Is there a chance that American lefties can reclaim this old image?

Update: The Gothamist has uncovered the Facebook event invite to the “Anti Hippy Protester Champagne Toast.” Only check it out if you'd like to feel a little rage.

Update: A friend finds John Hodgman in character as the Formally-Dressed Capitalist. We are, again, meant to immediately recognize the image.


23 September 2011

Indiana Jones was right

A little something I made for a friend a while back.

So true.

13 August 2011

Disenfranchised

David “The Wire” Simon, from an interview with Bill Moyers.
These really are the excess people in America. Our economy doesn’t need them—we don’t need 10 or 15 percent of our population. And certainly the ones who are undereducated, who have been ill-served by the inner-city school system, who have been unprepared for the technocracy of the modern economy, we pretend to need them. We pretend to educate the kids. We pretend that we’re actually including them in the American ideal, but we’re not. And they’re not foolish. They get it.
William Wall connects the dots in the UK riots.
We are told variously that there is no political context, no political motive, no political enemy – it is ‘criminality pure and simple’. This is because violence against the police (and therefore the state) is not considered in itself to be political. It is because the envy of, the desire for and the acquisition of luxury goods such as plasma TVs and jewellery is not considered political. The political class and the commentariat cannot conceive of themselves as enemies of the people who live in areas like Tottenham where Tory cuts are closing youth centres, which suffer massive unemployment even while the City is booming, and which are the objects of legislation designed to disadvantage them even further.

08 August 2011

Approval ratings

Think about how poisoned the word “liberal” is in American political discourse.

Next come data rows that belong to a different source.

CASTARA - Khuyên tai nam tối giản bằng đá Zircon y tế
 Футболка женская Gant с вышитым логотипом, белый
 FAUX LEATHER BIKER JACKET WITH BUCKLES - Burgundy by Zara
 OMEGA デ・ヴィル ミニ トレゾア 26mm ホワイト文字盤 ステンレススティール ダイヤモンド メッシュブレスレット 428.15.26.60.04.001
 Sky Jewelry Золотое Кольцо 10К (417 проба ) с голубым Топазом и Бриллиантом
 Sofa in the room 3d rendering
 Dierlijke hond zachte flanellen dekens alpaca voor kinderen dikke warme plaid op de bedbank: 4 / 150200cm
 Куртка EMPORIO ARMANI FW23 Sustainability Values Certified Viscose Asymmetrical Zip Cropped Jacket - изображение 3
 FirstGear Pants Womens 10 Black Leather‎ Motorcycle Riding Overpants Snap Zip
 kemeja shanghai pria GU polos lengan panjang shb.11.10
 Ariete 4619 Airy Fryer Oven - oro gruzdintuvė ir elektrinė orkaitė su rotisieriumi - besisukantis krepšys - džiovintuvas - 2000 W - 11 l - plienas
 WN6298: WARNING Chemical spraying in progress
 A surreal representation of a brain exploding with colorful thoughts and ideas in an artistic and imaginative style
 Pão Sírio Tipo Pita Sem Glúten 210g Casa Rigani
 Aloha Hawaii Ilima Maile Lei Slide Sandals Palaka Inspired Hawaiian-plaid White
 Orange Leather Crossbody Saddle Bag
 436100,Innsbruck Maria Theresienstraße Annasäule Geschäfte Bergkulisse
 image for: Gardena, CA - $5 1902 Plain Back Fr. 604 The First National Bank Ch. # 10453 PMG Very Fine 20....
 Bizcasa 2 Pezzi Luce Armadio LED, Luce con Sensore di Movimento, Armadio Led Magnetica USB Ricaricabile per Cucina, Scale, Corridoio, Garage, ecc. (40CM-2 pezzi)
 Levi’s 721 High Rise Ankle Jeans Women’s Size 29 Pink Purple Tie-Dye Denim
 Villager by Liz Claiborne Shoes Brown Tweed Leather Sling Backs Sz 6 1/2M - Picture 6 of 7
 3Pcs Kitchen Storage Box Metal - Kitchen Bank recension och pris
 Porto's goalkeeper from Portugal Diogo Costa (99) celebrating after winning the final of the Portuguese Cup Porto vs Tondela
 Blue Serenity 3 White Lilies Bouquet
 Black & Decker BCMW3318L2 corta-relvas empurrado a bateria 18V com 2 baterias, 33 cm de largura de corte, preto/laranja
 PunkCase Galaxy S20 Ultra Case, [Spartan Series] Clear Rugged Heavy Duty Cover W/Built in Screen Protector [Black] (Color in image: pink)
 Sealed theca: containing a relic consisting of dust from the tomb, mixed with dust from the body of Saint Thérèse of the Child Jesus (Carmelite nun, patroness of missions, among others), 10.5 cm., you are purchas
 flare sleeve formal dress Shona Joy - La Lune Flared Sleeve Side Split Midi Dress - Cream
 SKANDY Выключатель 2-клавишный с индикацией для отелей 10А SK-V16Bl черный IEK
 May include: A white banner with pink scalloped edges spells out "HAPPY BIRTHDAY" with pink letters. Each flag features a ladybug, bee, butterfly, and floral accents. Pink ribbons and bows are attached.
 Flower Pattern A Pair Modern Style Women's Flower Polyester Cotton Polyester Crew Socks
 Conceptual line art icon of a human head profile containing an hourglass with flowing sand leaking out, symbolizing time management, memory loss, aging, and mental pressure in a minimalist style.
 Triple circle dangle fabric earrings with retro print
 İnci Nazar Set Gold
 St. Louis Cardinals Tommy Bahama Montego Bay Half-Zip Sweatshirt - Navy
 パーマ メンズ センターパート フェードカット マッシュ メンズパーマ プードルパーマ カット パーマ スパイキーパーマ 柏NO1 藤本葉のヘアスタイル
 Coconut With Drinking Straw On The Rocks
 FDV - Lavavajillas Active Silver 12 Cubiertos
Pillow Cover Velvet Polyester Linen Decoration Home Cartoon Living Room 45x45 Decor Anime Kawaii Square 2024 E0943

Now think about this: almost 1 in 6 Americans disapprove of President Obama's job performance because he is not liberal enough. And the number is climbing.

31 July 2011

If it was a snake, it woulda bit me

Matt Zoller Seitz perfectly explains something I didn't even realize should have an explanation.

Hollywood is a dream factory run mostly by and for raging narcissists with power and money. Its mass-produced dreams are overseen by people who want to be constantly reassured that they're talented, sexy, charismatic warrior-poet visionaries, and that you can absorb such invaluable knowledge by being around them that the abuse they heap on you is totally worth it. That's why the preferred dramatic configuration of ensemble TV shows is the ragtag band of eccentric professionals (read as: creative types), led by a well-dressed, middle-aged boss who reflexively needles and insults people and throws temper tantrums and sometimes puts on an expensive jacket and sunglasses, hops in his expensive car or on his expensive motorcycle, and takes off for parts unknown without warning, forcing underlings to wonder where the hell he is and talk about him nonstop until he reappears unannounced and provides them with the final piece of whatever puzzle they were trying to solve in his absence. These shows exist to kiss the asses of people who approve shows.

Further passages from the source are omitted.